En revanche, il est toujours aussi difficile de reconnaître le vrai visage de l’extrême-gauche, irresponsable politiquement comme en Grèce, ou souvent adepte des discours et des pratiques imputés aux « fascistes ». Ainsi, Libération a largement accordé la parole à M. Sopo. A propos de la campagne légitime menée contre la présence du rappeur Black Mesrimes à la commémoration de Verdun, le président de SOS-Racisme a tenu des propos qui, pour le coup, « sentent » leur avant-guerre. La haine de l’adversaire se veut olfactive et médicale. L’autre sent mauvais et c’est un malade : les deux totalitarismes en un, le brun et le rouge ! « L’air empeste », « l’égout frontiste », « fièvre hystérique », « fulgurante, l’affection fasciste », « la haine endémique ». L’amalgame est pratiqué à hautes doses : ce sont les « héritiers de la collaboration », « dressés comme une seule croix gammée ». Le pauvre Hervé Mariton, opposant au concert du rappeur a beau être « républicain » et juif, il est dans la « meute ». Quant au rappeur, il a été pardonné par LGBT alors que la « Manif Pour Tous » est, elle, homophobe. Comment un journal « sérieux » pourrait-il accorder pareille place à un tel déluge de mauvaise foi et de haine ? Mais, Libération sait être à l’écoute, à l’écoute des « casseurs » par exemple. Ces « antifas », avec ce nom, ne peuvent être entièrement mauvais.

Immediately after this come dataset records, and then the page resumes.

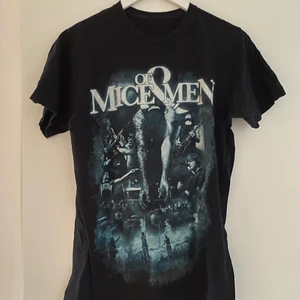 Second hand tröja - En cool tisha köpt på second hand😎😎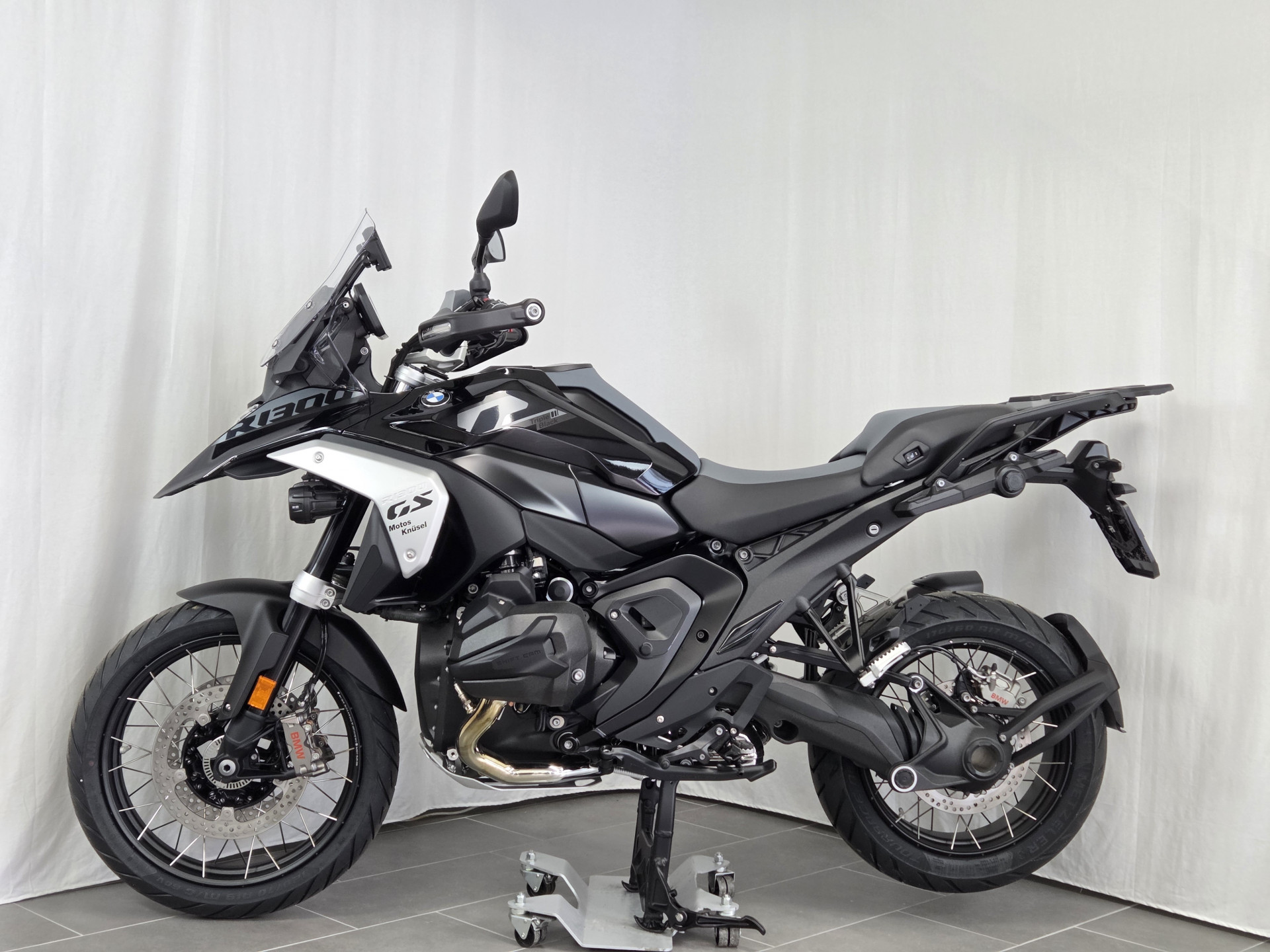 BMW R 1300 GS ASA mit 5 Jahre Garantie für Kaufverträge bis 30.06.26-showroom-element-3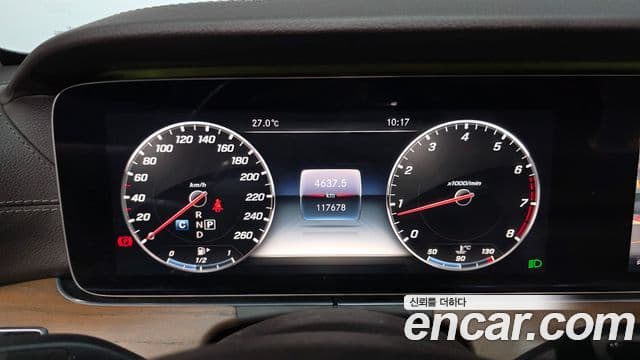 Mercedes-Benz E-Class 2018 — ფოტო 8/20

Certes ils agressent les policiers à l’acide, au pavé, à la barre de fer et à l’engin incendiaire, mais ils sont, comme le rappelle un article, « pacifiques et violents ». Les citations recueillies éveillent la compréhension : ce n’est pas bien, mais c’est tellement compréhensible. « Quand on voit des camarades se faire ouvrir le crâne à coups de matraque »… « Comment ne pas avoir envie de tout casser quand on est jeune dans notre société ? » La nostalgie des jeunes bourgeois favorisés de 1968 réapparaît, notamment chez ceux qui, bedonnants, sont devenus des hiérarques de la politique, de la presse ou des affaires, pleins de tendresse pour leurs « héritiers », comme dirait Bourdieu : ce sont les mêmes, pas très malins, à l’esprit déformé par une empreinte idéologique puissante dans notre enseignement, et qui prennent leurs slogans et leurs réflexes pour des idées.
La présence et la place du gauchisme en France sont une insulte à l’intelligence du pays.